** Requirement **
The line containing "adidas Unisex Kinder" marks the end: restate word for word every line from the first line of the entries below through that one.

Listed entries: Begin

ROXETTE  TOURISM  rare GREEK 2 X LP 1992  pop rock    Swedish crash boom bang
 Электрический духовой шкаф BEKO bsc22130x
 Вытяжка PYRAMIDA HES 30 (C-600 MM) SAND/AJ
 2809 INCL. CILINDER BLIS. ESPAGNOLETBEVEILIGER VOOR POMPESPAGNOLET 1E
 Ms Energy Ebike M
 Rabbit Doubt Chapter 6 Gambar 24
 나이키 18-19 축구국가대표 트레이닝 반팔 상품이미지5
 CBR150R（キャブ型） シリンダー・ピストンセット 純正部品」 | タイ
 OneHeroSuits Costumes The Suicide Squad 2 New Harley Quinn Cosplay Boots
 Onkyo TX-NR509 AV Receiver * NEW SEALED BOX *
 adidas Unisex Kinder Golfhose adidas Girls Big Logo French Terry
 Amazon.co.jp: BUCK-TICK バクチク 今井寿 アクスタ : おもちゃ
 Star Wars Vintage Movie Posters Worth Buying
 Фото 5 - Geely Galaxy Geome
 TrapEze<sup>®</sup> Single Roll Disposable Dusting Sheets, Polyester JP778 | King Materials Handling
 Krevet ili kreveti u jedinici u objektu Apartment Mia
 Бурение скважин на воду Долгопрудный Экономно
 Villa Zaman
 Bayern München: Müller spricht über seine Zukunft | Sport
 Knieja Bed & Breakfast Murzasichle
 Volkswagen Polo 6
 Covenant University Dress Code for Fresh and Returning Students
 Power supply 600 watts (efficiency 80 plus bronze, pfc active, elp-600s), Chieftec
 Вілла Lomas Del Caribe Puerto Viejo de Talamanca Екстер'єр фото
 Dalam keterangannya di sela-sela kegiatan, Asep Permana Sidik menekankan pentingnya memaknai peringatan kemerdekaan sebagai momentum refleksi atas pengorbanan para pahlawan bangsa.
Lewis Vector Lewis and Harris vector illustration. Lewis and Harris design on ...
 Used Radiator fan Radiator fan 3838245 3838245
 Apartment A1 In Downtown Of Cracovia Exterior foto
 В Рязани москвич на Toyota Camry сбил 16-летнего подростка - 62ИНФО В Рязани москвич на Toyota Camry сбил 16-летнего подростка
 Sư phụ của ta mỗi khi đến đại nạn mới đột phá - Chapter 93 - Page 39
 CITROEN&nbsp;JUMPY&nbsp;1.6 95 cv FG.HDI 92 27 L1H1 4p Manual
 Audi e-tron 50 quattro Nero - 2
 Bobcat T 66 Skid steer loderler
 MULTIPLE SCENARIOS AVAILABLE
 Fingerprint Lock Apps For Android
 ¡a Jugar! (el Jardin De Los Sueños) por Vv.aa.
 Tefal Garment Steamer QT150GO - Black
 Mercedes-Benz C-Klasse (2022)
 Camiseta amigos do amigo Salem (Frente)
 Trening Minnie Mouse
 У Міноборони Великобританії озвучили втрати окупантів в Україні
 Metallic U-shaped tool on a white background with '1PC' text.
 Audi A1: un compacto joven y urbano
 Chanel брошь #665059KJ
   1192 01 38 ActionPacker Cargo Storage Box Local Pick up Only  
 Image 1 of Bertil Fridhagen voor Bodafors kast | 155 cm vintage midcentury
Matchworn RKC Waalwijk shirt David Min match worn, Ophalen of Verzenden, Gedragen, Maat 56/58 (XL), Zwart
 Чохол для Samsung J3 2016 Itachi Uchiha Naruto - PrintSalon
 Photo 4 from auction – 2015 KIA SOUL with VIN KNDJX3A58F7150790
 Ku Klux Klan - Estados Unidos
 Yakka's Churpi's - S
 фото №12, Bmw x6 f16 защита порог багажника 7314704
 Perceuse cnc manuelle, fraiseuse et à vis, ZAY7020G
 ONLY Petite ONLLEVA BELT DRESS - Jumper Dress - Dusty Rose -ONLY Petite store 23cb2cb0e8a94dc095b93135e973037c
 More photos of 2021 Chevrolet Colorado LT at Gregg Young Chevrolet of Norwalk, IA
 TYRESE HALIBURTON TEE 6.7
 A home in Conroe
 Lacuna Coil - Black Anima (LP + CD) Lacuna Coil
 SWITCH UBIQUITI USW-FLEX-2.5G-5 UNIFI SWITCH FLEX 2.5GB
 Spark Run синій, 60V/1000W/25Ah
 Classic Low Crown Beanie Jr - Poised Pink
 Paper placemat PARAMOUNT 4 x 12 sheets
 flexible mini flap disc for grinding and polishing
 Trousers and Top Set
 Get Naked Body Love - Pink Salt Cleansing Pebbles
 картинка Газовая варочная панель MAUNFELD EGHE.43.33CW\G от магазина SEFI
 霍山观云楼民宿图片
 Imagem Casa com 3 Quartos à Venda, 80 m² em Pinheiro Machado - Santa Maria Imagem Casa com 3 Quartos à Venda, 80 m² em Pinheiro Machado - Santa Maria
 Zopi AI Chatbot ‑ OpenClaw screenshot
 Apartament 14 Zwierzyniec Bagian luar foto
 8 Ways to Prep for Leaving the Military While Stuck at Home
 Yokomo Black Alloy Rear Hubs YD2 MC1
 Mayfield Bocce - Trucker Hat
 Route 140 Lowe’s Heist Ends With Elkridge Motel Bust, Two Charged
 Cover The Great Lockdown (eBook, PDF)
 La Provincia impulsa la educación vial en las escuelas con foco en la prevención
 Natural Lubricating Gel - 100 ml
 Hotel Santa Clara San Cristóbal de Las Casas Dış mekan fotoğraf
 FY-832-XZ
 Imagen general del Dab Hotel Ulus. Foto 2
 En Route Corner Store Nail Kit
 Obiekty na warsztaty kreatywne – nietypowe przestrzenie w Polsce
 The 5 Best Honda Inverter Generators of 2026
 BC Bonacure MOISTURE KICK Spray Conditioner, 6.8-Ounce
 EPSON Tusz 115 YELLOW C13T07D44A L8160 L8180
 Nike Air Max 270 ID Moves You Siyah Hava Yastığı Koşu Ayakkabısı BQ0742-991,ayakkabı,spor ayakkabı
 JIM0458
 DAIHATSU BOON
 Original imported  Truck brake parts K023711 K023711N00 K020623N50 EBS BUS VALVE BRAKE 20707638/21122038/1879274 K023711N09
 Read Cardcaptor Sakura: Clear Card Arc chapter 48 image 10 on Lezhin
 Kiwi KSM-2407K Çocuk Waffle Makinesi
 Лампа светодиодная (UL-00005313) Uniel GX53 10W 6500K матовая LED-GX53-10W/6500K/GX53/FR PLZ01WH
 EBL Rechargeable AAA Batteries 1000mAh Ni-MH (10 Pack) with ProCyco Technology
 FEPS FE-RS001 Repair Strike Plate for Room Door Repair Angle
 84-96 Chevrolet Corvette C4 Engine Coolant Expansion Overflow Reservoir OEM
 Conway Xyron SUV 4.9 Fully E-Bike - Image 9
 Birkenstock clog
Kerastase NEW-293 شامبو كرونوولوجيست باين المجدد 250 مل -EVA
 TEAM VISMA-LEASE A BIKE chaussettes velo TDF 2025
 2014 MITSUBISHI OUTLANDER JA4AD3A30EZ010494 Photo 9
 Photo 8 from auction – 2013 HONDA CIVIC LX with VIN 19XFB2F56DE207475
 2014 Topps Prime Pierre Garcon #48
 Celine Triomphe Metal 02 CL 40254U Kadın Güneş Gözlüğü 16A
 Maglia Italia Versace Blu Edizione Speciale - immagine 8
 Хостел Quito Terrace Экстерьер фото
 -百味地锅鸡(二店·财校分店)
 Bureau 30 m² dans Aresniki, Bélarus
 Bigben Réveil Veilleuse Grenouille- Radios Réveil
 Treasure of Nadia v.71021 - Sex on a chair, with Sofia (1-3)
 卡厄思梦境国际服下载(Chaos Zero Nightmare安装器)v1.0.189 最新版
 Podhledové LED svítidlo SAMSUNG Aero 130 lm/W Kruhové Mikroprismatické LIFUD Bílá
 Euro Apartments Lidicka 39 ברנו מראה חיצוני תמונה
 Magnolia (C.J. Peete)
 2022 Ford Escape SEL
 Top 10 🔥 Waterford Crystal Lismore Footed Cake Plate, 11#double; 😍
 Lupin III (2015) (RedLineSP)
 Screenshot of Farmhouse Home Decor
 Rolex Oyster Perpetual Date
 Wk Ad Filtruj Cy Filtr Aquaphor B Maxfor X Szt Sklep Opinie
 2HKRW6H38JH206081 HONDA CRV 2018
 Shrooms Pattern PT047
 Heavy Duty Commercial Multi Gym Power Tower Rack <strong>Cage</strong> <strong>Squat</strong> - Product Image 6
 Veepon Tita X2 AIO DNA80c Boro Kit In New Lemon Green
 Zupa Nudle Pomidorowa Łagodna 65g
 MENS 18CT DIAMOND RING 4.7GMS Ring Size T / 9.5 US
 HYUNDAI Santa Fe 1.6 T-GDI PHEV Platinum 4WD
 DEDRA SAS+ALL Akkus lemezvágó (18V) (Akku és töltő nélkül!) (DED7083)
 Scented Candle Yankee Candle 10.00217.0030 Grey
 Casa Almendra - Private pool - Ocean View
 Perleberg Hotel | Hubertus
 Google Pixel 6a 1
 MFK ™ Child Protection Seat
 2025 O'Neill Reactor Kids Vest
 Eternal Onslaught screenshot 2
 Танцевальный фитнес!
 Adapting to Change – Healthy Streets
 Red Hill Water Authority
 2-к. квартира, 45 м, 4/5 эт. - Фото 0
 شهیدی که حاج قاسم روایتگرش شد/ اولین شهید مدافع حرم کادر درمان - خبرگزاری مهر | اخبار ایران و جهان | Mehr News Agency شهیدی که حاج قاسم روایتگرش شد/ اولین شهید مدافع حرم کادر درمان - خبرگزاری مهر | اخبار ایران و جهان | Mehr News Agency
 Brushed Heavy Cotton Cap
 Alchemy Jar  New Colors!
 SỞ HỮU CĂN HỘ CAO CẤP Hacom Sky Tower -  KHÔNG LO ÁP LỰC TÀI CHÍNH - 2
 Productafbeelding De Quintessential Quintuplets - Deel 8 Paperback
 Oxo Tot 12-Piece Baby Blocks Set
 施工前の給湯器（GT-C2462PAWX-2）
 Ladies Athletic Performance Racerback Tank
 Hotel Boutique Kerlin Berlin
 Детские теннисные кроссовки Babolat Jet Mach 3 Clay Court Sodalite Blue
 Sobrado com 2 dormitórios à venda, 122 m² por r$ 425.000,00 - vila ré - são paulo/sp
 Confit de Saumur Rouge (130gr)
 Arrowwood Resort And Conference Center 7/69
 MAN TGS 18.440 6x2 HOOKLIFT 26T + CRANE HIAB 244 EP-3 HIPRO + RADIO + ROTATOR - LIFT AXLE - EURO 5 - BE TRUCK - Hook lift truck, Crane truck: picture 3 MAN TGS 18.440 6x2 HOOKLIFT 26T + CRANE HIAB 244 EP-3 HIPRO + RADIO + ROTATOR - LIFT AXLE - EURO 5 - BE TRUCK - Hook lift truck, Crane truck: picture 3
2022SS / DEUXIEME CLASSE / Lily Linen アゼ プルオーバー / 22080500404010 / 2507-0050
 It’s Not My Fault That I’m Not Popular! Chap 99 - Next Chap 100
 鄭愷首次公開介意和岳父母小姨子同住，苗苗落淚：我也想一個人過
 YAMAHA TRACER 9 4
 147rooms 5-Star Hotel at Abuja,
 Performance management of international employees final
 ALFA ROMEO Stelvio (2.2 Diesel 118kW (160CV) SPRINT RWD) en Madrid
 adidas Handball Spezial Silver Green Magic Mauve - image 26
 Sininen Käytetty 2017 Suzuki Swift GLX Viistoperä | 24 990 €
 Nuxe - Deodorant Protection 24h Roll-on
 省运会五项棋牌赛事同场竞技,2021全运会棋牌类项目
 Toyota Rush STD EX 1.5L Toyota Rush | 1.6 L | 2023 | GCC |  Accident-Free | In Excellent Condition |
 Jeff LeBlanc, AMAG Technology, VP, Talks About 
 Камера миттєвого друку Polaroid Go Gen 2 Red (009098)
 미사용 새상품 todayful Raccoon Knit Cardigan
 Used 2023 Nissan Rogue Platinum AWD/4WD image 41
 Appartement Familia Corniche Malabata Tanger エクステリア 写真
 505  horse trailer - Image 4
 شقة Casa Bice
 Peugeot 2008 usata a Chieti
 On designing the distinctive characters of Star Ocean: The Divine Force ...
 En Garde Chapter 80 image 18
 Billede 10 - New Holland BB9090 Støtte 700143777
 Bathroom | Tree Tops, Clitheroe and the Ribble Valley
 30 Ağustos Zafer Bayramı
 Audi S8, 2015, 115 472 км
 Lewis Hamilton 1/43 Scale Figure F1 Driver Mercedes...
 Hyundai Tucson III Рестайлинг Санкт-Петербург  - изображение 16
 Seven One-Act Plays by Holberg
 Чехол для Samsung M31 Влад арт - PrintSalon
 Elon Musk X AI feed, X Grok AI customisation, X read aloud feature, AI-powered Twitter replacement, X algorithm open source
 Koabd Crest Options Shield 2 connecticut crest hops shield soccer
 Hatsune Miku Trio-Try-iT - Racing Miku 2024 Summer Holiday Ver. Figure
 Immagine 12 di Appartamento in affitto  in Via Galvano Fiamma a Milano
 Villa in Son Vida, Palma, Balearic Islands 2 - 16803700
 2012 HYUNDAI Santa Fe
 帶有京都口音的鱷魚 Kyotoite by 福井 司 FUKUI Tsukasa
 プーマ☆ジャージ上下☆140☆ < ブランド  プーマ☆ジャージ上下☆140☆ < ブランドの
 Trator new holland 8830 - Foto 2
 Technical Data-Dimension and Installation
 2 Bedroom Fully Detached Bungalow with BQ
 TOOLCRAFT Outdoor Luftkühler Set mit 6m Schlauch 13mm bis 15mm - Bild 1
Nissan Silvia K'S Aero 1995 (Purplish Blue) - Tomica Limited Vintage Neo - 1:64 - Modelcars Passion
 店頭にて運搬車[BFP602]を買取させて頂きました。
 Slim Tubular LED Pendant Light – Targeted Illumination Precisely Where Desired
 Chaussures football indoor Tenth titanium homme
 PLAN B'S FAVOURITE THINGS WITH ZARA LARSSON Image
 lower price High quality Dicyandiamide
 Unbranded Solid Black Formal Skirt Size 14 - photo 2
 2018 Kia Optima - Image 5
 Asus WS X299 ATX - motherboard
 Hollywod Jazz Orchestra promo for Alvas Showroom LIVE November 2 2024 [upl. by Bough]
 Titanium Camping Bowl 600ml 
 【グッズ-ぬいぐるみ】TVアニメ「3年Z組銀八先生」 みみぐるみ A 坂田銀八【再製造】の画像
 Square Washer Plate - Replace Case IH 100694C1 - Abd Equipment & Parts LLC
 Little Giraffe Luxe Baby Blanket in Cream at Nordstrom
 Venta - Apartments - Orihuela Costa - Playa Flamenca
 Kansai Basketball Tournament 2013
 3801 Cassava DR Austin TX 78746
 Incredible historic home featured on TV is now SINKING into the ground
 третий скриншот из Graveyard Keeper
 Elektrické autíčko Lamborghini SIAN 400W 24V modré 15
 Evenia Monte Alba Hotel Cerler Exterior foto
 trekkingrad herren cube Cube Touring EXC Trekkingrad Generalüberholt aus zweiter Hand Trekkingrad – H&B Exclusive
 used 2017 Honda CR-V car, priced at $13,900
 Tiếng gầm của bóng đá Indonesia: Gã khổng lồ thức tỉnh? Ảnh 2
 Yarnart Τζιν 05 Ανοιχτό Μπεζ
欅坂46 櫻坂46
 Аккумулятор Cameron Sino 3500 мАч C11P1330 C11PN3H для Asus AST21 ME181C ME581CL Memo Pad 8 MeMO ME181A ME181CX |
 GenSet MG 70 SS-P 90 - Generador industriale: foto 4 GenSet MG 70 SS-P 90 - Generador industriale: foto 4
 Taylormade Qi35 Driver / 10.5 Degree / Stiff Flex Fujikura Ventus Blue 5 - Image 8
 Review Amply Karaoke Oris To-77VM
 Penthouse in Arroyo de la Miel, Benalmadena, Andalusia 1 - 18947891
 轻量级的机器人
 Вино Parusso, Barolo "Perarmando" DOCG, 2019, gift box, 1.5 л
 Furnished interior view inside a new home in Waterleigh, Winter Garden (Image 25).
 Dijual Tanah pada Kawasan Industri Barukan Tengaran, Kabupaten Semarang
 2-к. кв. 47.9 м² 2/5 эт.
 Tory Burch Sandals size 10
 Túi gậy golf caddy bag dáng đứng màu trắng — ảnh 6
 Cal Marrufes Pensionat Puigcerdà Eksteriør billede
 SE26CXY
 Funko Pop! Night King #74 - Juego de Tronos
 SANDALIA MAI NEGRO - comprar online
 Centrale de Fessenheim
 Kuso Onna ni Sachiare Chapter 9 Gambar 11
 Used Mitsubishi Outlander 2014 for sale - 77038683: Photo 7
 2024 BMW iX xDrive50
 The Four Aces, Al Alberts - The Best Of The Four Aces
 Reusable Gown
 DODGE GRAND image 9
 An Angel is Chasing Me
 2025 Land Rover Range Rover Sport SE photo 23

Listed entries: End

** Response below **
ROXETTE  TOURISM  rare GREEK 2 X LP 1992  pop rock    Swedish crash boom bang
 Электрический духовой шкаф BEKO bsc22130x
 Вытяжка PYRAMIDA HES 30 (C-600 MM) SAND/AJ
 2809 INCL. CILINDER BLIS. ESPAGNOLETBEVEILIGER VOOR POMPESPAGNOLET 1E
 Ms Energy Ebike M
 Rabbit Doubt Chapter 6 Gambar 24
 나이키 18-19 축구국가대표 트레이닝 반팔 상품이미지5
 CBR150R（キャブ型） シリンダー・ピストンセット 純正部品」 | タイ
 OneHeroSuits Costumes The Suicide Squad 2 New Harley Quinn Cosplay Boots
 Onkyo TX-NR509 AV Receiver * NEW SEALED BOX *
 adidas Unisex Kinder Golfhose adidas Girls Big Logo French Terry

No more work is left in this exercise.